■ Exercise details:
Take the lines in the listing below from the line with "Firework display at night" up to and including the line with "Cozy bedroom with" and set them down exactly, skipping pictures and adding nothing.

■ Material provided:
####

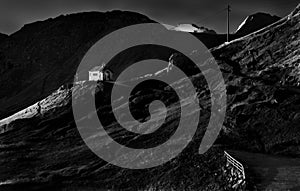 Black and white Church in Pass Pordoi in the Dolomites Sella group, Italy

####

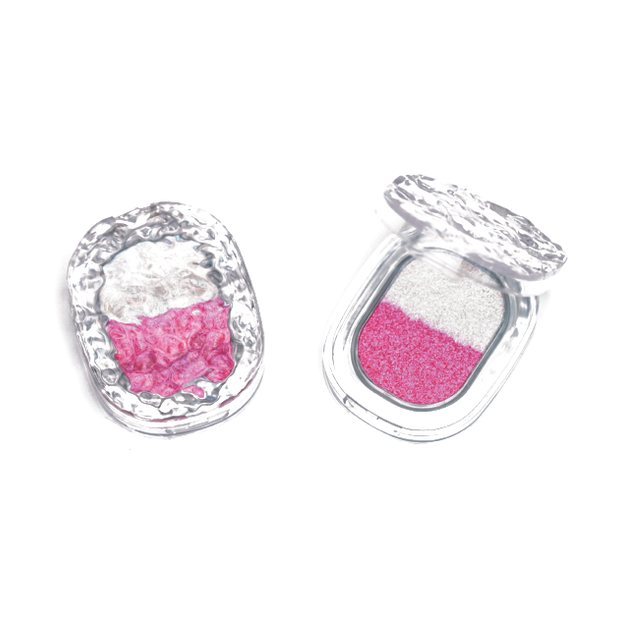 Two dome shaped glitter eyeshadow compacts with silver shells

####

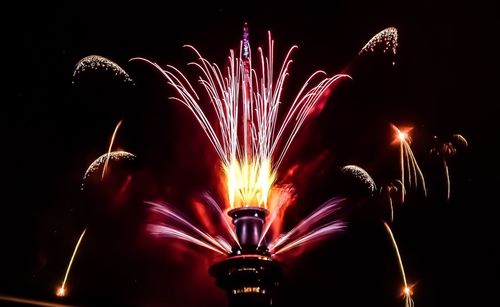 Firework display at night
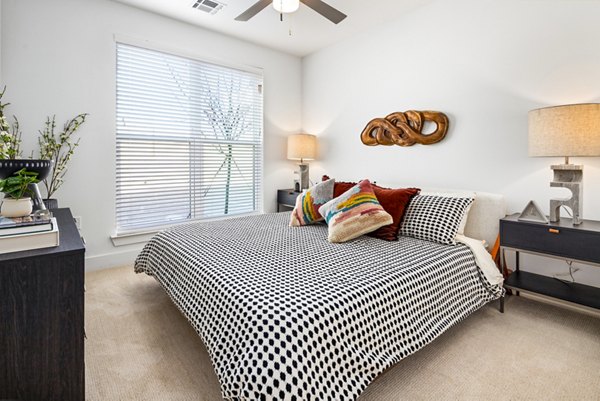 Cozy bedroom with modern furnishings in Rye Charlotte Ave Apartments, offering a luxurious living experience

####

■ Output below:
 Firework display at night
 Cozy bedroom with modern furnishings in Rye Charlotte Ave Apartments, offering a luxurious living experience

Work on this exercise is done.